Records to process>
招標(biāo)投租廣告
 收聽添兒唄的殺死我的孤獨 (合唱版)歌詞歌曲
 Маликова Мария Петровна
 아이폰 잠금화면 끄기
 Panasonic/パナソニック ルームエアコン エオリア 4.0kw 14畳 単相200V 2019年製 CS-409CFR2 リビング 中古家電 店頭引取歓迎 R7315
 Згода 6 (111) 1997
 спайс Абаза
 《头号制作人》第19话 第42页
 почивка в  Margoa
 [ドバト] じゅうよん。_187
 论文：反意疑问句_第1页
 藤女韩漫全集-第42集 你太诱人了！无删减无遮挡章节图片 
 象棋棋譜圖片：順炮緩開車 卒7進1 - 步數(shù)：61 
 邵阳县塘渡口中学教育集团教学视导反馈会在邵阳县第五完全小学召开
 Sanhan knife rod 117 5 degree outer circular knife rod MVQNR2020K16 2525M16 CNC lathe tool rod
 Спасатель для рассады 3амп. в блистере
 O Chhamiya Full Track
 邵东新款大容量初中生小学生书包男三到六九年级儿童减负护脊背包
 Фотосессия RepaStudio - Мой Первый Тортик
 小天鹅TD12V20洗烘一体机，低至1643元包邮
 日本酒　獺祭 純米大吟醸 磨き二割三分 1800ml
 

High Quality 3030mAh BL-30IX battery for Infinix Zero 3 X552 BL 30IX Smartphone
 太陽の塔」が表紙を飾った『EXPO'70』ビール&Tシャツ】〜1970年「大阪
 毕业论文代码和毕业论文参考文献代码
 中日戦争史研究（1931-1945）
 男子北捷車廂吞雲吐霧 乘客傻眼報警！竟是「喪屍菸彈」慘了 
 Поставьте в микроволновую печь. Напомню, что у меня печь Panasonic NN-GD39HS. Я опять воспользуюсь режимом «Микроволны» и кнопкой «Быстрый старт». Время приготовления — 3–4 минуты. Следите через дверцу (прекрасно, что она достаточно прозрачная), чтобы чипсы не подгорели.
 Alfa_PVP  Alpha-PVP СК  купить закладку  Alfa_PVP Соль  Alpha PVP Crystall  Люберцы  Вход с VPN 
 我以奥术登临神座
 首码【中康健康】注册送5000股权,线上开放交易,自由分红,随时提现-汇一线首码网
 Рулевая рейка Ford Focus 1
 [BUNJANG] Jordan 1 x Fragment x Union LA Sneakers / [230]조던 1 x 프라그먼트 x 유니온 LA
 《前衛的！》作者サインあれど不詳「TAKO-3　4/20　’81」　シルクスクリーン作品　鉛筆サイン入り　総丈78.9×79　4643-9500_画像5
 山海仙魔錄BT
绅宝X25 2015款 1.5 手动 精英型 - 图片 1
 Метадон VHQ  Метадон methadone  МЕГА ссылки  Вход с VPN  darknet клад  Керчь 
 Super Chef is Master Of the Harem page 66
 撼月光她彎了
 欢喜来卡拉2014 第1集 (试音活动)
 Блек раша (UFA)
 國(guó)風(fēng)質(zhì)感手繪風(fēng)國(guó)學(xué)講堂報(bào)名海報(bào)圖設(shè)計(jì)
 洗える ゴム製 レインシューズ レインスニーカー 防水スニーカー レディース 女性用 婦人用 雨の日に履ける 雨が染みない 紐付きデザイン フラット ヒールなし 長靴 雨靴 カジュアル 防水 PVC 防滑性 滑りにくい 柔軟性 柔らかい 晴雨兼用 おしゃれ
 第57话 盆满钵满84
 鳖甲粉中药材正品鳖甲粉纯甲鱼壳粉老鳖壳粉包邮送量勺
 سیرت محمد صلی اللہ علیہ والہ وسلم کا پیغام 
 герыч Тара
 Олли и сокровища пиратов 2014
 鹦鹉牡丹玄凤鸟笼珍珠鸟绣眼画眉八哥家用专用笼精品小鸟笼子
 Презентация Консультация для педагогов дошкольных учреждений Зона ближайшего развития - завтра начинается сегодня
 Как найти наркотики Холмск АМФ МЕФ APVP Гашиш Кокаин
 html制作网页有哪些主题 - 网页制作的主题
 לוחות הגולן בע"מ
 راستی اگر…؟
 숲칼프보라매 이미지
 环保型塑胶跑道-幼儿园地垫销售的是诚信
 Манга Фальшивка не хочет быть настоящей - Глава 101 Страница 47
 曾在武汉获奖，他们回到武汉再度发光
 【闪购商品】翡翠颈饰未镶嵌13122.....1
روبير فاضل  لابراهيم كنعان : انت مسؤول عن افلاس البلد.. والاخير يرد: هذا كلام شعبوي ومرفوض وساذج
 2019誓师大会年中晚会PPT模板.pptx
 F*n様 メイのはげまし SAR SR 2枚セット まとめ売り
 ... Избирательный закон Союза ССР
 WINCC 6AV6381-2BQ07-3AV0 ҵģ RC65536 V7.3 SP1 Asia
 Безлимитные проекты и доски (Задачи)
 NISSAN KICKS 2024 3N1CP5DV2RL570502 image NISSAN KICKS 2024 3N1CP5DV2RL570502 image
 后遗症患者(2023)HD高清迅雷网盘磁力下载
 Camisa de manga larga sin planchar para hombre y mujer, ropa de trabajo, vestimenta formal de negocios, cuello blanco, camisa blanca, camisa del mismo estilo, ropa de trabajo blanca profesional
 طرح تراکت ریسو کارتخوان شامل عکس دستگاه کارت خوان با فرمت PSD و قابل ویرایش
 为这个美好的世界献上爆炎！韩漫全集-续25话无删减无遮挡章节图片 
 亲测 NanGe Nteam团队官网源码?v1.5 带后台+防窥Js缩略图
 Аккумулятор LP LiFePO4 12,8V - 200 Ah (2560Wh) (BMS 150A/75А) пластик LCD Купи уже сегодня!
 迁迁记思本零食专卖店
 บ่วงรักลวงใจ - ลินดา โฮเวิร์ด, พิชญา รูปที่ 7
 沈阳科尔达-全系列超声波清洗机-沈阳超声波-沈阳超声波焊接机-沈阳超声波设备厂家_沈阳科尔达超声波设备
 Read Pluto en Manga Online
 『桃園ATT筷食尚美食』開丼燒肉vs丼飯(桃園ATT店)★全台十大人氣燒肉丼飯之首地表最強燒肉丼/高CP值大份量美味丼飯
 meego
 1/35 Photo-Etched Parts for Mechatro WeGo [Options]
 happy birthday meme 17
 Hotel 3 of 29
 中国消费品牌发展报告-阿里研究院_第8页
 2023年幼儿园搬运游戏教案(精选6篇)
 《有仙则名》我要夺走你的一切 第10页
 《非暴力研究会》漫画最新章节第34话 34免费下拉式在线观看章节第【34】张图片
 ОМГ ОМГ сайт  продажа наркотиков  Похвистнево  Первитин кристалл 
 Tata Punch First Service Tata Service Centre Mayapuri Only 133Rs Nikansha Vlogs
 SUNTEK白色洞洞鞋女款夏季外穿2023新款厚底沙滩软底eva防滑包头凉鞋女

Instructions to follow> Where the word "Panasonic" occurs in a line of the records, copy that line.

Reply to the exercise>
 Panasonic/パナソニック ルームエアコン エオリア 4.0kw 14畳 単相200V 2019年製 CS-409CFR2 リビング 中古家電 店頭引取歓迎 R7315
 Поставьте в микроволновую печь. Напомню, что у меня печь Panasonic NN-GD39HS. Я опять воспользуюсь режимом «Микроволны» и кнопкой «Быстрый старт». Время приготовления — 3–4 минуты. Следите через дверцу (прекрасно, что она достаточно прозрачная), чтобы чипсы не подгорели.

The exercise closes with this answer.